**Goal of the exercise**:
Find every line below with the string "from" and pick it out.
═════ Available records
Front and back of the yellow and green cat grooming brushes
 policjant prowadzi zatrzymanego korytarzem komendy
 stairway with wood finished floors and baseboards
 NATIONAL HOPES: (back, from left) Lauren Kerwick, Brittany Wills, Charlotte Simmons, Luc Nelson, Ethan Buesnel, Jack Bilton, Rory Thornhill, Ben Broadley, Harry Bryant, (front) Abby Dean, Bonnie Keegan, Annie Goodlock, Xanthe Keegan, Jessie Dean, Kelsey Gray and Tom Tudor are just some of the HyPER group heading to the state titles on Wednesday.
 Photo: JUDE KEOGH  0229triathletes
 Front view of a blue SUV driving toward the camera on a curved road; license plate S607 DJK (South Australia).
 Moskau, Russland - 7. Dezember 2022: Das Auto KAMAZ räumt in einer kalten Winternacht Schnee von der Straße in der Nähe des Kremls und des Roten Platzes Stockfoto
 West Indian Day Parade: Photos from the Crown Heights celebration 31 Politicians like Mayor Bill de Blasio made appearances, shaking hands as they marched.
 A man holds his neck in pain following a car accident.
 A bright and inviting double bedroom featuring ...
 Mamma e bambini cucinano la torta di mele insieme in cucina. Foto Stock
══════════
**Exercise result**:
 NATIONAL HOPES: (back, from left) Lauren Kerwick, Brittany Wills, Charlotte Simmons, Luc Nelson, Ethan Buesnel, Jack Bilton, Rory Thornhill, Ben Broadley, Harry Bryant, (front) Abby Dean, Bonnie Keegan, Annie Goodlock, Xanthe Keegan, Jessie Dean, Kelsey Gray and Tom Tudor are just some of the HyPER group heading to the state titles on Wednesday.
 West Indian Day Parade: Photos from the Crown Heights celebration 31 Politicians like Mayor Bill de Blasio made appearances, shaking hands as they marched.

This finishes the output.